Oui, la dévaluation était justifiée. Lorsque vous regardez ce qui contribue à dévaluer la valeur d’une monnaie, un des éléments importants est constitué par les déficits extérieurs. Autrement dit, quand vous avez des déficits extérieurs relativement importants, normalement la valeur de votre monnaie doit refléter ce déficit-là. C’est-à-dire que la valeur de votre monnaie devrait diminuer... Lorsqu’on parle de déficit ou d’excédent, c’est par rapport essentiellement à la balance commerciale.
Autrement dit, quand vous importez plus que vous n’exportez, vous avez un déficit commercial. Maintenant, ce déficit fait que la valeur de votre monnaie doit diminuer. Lorsque vous êtes en régime de change flexible, la monnaie baisse automatiquement, parce que là, c’est le marché qui définit la valeur de votre monnaie.
Mais quand vous êtes en régime de change fixe, la parité est fixe, alors la baisse ne peut intervenir que dans le cadre d’une dévaluation. Maintenant, lorsque vous regardez le solde commercial de nos économies à l’époque, nous avions un déficit qui s’est creusé année après année.
Quand vous regardez toute la période d’indépendance, les deux années où nous avions eu un excédent commercial, ce sont les deux premières années, en 1961/62. Mais depuis lors, le solde commercial a été toujours négatif. Quand vous avez un solde commercial négatif, pour rétablir l’équilibre, un des mécanismes qu’on pouvait mettre en avant, c’est tout simplement la baisse de la valeur de la monnaie. Et quand vous baissez la valeur de la monnaie, les importations seront relativement plus chères.
Cela veut dire que les importations seront normalement diminuées et les exportations du pays seront moins chères. Dans ce cas vous avez les exportations qui doivent augmenter. Quand les exportations augmentent et que les importations diminuent, vous avez le solde qui devient beaucoup plus intéressant, les déficits baissent tout simplement.
Pour dire donc que la dévaluation était quelque chose qu’il fallait faire à l’époque. Parce que la valeur de la monnaie ne reflétait pas l’état de nos échanges avec le reste du monde. L’état de nos échanges étant très déficitaire, la valeur de la monnaie devait diminuer.
Et puisque nous étions dans le cadre d’un régime fixe, la baisse ne pouvait intervenir que dans le cadre d’une dévaluation. Si on était dans le cadre d’un régime flexible, c’est le marché qui allait automatiquement diminuer la valeur de notre monnaie.

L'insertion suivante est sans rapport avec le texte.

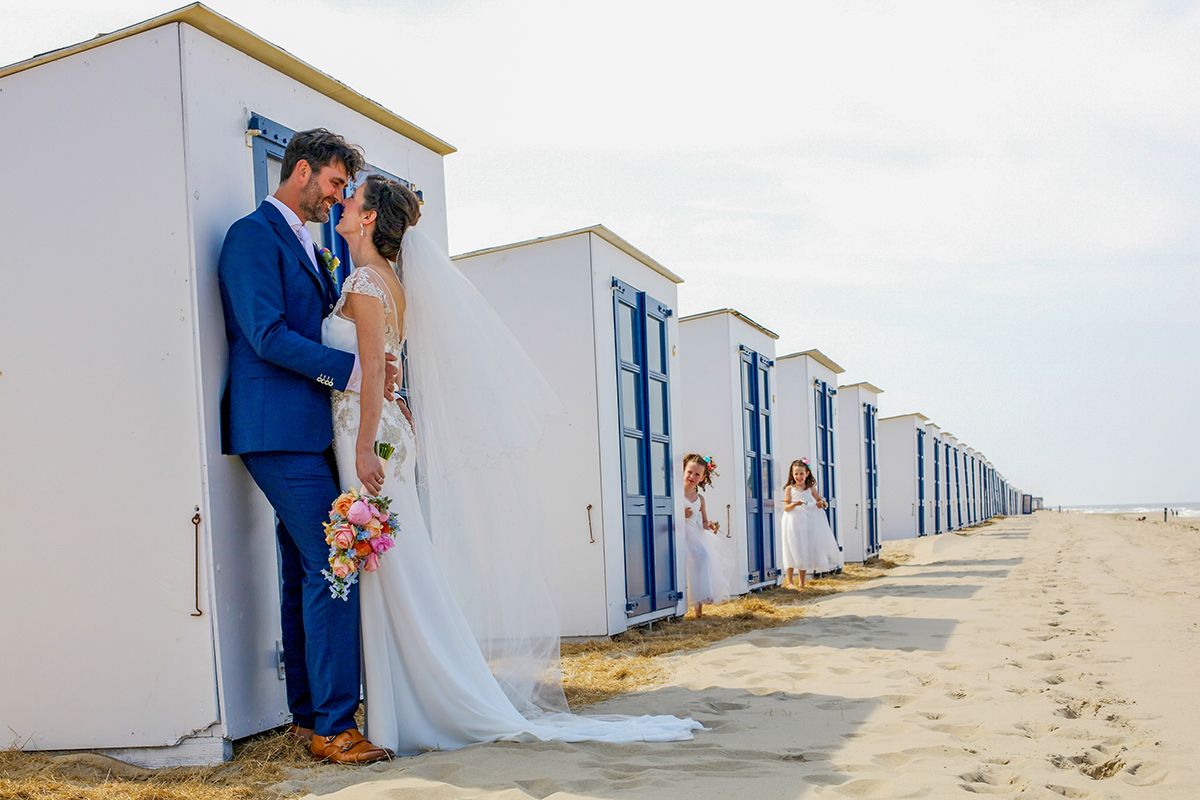 Trouwen op Texel, trouwfotograaf Foto Sanne bij de strandhuisjes op Paal 15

Et quel a été l’impact de la dévaluation sur notre économie ?
L’impact est relativement difficile à mesurer parce que, à mon sens, il n’y a pas eu un travail qui a proposé une étude qualitative et quantitative de façon appréciable. Mais on pourrait avancer des effets. Avec la dévaluation, ce qui était attendu, c’était que les importations diminuent et que les exportations augmentent. On a eu des effets dans les deux sens, mais ça n’a pas été suffisant dans le sens où le déficit n’a jamais été résorbé.
Donc dans ce sens-là, on pourrait dire que la dévaluation a eu comme effet de ralentir le rythme d’évolution des importations et d’augmenter le rythme d’évolution des exportations. Mais ça n’a pas été suffisant pour résorber le déficit. En ce sens-là, on peut dire effectivement qu’il y a eu un effet. Un effet relativement limité.
Maintenant, certains vous diront que c’est à partir de l’année 1994 que le Sénégal a connu une croissance durable. Avant, vous avez l’activité économique qui baissait de façon significative. Quand vous regardez par exemple le taux de croissance du PIB, on était en chute continue de 1960 à 1993. En 1993, on était à un taux de moins deux pour cent de croissance. Quand la dévaluation est survenue en janvier 1994, la même année, on a eu un taux de croissance positif. Et depuis lors, le Sénégal a connu un taux de croissance positif.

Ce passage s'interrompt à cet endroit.